The South African Centre for Epidemiological Modeling and Analysis or SACEMA, did an in depth study of the sexual behavior of 878 citizens of several South African Countries. These include Wallacedene, Delft-South and Khayelitsha. In total, the participants in the study reported in being in 1130 relationships in the past year, with a quarter of these relationships overlapping with others for extended periods of time. The evidence has shown the researchers that the proportion of men and women having simultaneous relationships is higher that previously thought.
One of the questions the researchers sought to answer through the findings of the study included why HIV infection was higher in black communities than in communities of similar socioeconomic backgrounds of their colored counterparts. They found that, on average, colored communities had less condom use than black communities, suggesting that condom use was not an effective preventative against HIV unless used consistently. Without this consistent use, HIV levels will not drop in these communities.
Additionally, the study provided evidence that South African respondents reported larger numbers in the age gap between them and their sexual partners as compared to colored participants. It was found that two-thirds of black men, 45 years of age ad older were in relationships with women at least five years younger; nearly half of women ageds 24 and older were in relationships with men who were at least five years older than they were. When interviewing the women in the study, it was found that many find security in having an older man as a partner because there will be a lower risk of abuse - physical and verbal, and older men were more calm, understanding and supportive.

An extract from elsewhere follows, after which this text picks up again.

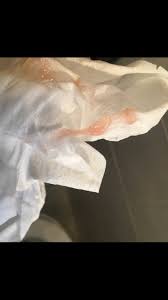 At 7 weeks pregnant, your baby is a little more than 1/3 of an inch long. Pink Mucus 7 Weeks Pregnant Implantation Bleeding Warning Tmi Pic Babycenter Starting In The Early Weeks Of Pregnancy The Expanding Uterus Presses On Your Bladder Causing You To Pee Ompz Ka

While HIV campaigns warn about the age diparity in sexual relationships among the black population in African countries, a 2014 Africa Centre Study showed no correlation among women with older partners and an increased risk for HIV, when compared to women who were dating men their own age.
Overall, the study has shown that people do not make relationship decisions based on their risk for HIV, but instead, that sexual relationships are "complex phenomenon with many dimensions." Therefore, if HIV interventions are designed with all of these aspects in mind, it is likely to be much more effective.
Finally, there is a study that has proven that by incorporating the culture of the people into their intervention plans, it will make prevention and recovery efforts more effective. I think that by addressing the different aspects of African culture, which includes polygamy, and the right to have mulitple sexual partners, intervention efforts can be made more specific to the population. As I have studied in my cultural studies class for nurisng school, African culture values fertility in a woman, and it is very important that she have many children in order to keep her husband. Similarly, the man's family name is passed on by his sons, and the children that the man has will help expand his tribe, so it is very important that he father many children to carry on his legacy. Often times, this means that a man will leave his wife once she can no longer bear children, in search of a younger partner who is fertile, and whom he can continue to have children with. Also, many women seek out older men, or "sugar daddies," because, in such an impoverished country, their sexual relations with a man will get the woman and her children dinner for a night, or a week, or even simply point her in the direction of the resources she needs. By addressing all of the above issues and more, intervention plans can be made that will be more specific to this population and this culture. We will no longer be simply telling these poeple "you can't have unprotected sex," because clearly, it is getting us no where. By approaching them at a cultural level, and taking the time to understand why the African people engage in so many relations, I think they will be more receptive to treatment, and we will be more effective in providing it.